Below are some records. Return exactly their lines from the one containing "Apto Em Condominio" through the one containing "Maison à vendre 7 pièces 230 m²", and drop the pictures.

[Records shown Boundary: Start]

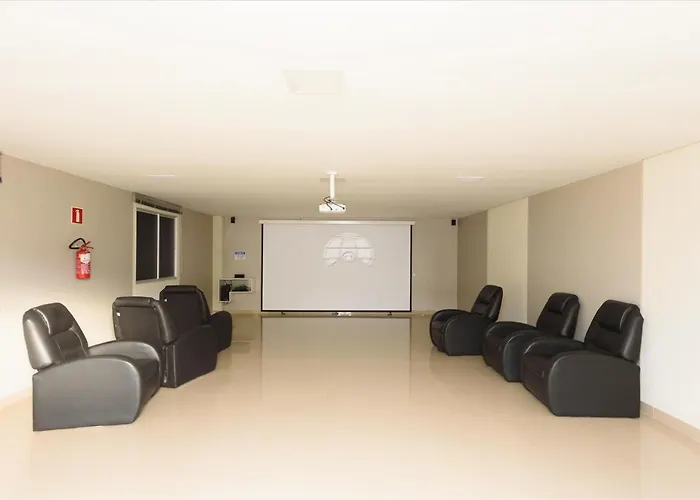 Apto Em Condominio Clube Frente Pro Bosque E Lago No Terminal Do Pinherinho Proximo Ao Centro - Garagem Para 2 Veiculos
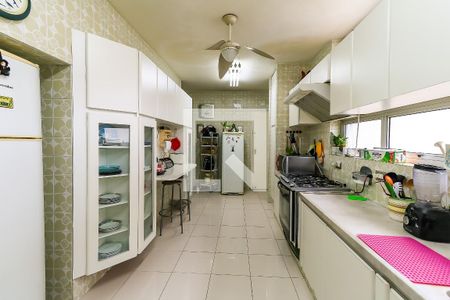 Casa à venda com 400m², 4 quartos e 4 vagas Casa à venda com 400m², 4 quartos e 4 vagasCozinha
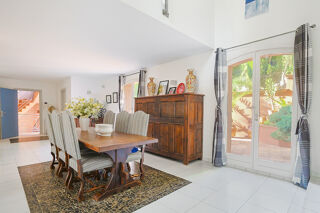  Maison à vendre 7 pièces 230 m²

[Records shown Boundary: End]
[Records shown Boundary: Start]

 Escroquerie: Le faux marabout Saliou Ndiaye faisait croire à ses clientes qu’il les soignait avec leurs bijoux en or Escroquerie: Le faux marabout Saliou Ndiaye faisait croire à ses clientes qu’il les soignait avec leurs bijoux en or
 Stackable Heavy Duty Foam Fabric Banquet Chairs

[Records shown Boundary: End]

Result:
 Apto Em Condominio Clube Frente Pro Bosque E Lago No Terminal Do Pinherinho Proximo Ao Centro - Garagem Para 2 Veiculos
 Casa à venda com 400m², 4 quartos e 4 vagas Casa à venda com 400m², 4 quartos e 4 vagasCozinha
  Maison à vendre 7 pièces 230 m²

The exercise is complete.